Mas o cineasta consegue evitar essas armadilhas. Em grande parte, aliás, porque o filme, apesar de melodramático em essência, busca sempre um estado de leveza, até de comicidade —quando incitados pelo cineasta, os irmãos ainda vivos de Bellocchio revelam-se ótimos contadores de história. Para uma obra que fala sobre suicídio, é um filme peculiarmente agradável.

No começo do documentário, o diretor diz: “Camillo, o anjo, é o protagonista deste filme”. Mas, ironia das ironias, a personalidade expressiva de Marco aos poucos acaba se sobrepondo à de Camillo, por vezes involuntariamente.

Mais uma vez ele fica à sombra do irmão: o filme passa a ser sobre Marco Bellocchio, acima de tudo.
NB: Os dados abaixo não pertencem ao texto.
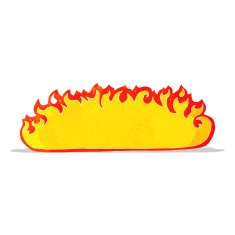 cartoon fire border N4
E sobre o quanto o trauma da perda do gêmeo e a peculiar dinâmica de sua família formataram sua vida e obra.

Compreendemos melhor algumas das fixações da filmografia do italiano: as relações familiares sufocantes, personagens à beira da loucura, as pulsões de morte —tanto as suicidas quanto as assassinas.

E é ainda um filme igualmente valoroso por uma série de questões colaterais que suscita, como a própria noção de muitas vezes valorizarmos nas pessoas certas características que elas já trazem naturalmente —como as demais, que não tiveram a mesma sorte, poderiam competir em posição de igualdade com as vitoriosas na loteria genética?

Se estivesse na competição por prêmios, “Marx Può Aspettare” não ganharia a Palma —é um documentário relativamente banal, baseando-se em depoimentos. Mas há ali, mesmo nesse filme aparentemente simples e pessoal, uma vitalidade e uma inteligência cinematográfica que mostram que Bellocchio ainda está longe de depender de prêmios honorários para manter a estante adornada.

Ainda é claramente capaz de ganhar uma Palma, Leão ou Urso de Ouro sem a benevolência dos presidentes de festivais. Muito embora, e em “Marx” isso fica claro mais uma vez, a honraria de Cannes seja mais do que merecida.